RAJA AMPAT GERBANG EKOWISATA BERBASIS MASYARAKAT (Edisi 9 2011)

Kabupaten Raja Ampat merupakan salah satu Kabupaten di Provinsi Papua Barat yang kaya dengan sumber daya alam hayati maupun non hayati. Kekayaan keanekaragaman hayati ini, sehingga Raja Ampat banyak di kenal bukan saja di dalam negeri tetapi sampai ke manca negara. Fenomena alam yang banyak menyimpan sejuta misteri di wilayah ini, baik di Marine maupun di wilayah Teresterial memberikan nuansa alamiah yang patut dilestarikan dan dibanggakan bersama. Prosesi bentang alam (landscape) dari pesisir pantai hingga bukit dengan gugusan gunung yang menyatu memiliki keselarasan yang kuat dengan unsur-unsur ekosistem lahan basah mendominasi kawasan-kawasan konservasi. Kenaekaragaman Hayati dan potensi Sumber Daya Alam yang dimiliki menyebabkan daerah ini terkenal sebagai daerah tujuan (destinasi) wisata.

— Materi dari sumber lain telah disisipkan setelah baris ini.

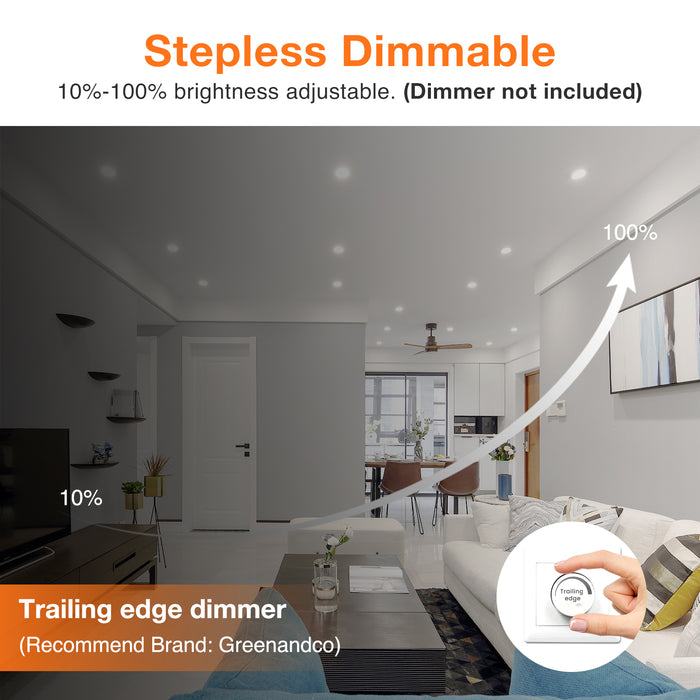 10W LED CCT Dimmable Downlight Cutout 90 105mm IP44 IP65 Rated
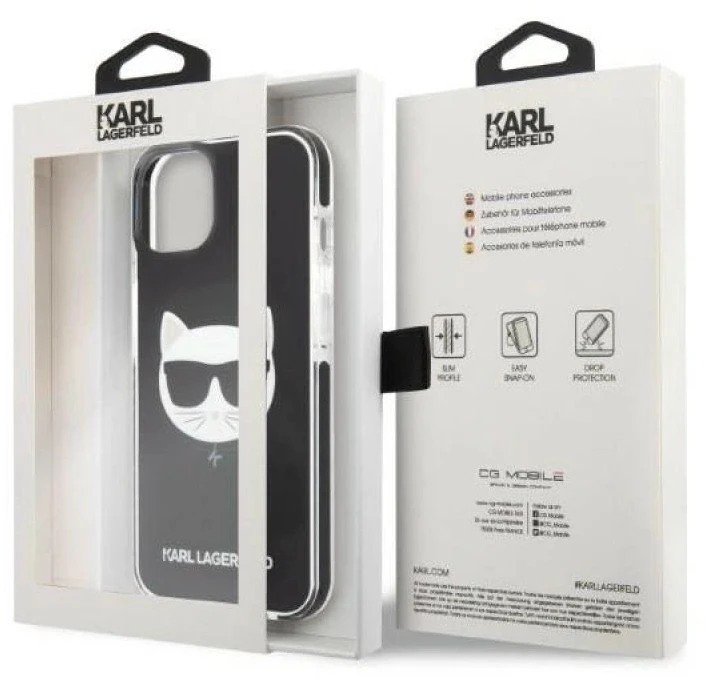 Karl Lagerfeld KLHCP13STPECK Apple iPhone 13 mini 5,4″ kietas dėklas juodos spalvos Choupette Head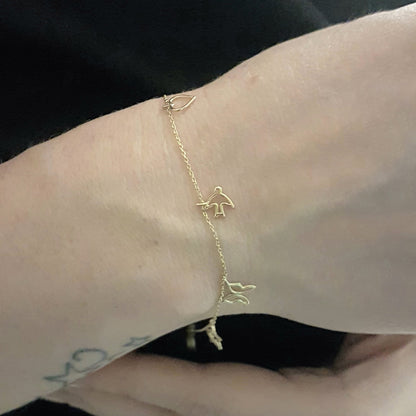 Good Luck Lucky Bracelet for Women 14K Real Solid Gold with Butterfly Star Moon Heart Swallow Pieces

I. Pemetaan Suku Di Raja Ampat
Raja Ampat dahulunya disebut Kalana Fat. Dalam bahasa suku Maya, Kalana Fat berarti gugusan kepulauan. Kata ini memang tepat menggambarkan kepulauan yang memiliki 610 pulau. Empat di antaranya adalah pulau-pulau besar: Waigeo, Batanta, Salawati, dan Misool. Kisah mengenai asal usul Kepulauan Raja Ampat amat menarik. Menurut cerita yang diyakini warga setempat, empat kepala adat mereka konon berasal dari empat butir telur yang menetas. Kelak setelah besar, merekalah yang mula-mula menjadi pemimpin di empat wilayah Kepulauan Raja Ampat.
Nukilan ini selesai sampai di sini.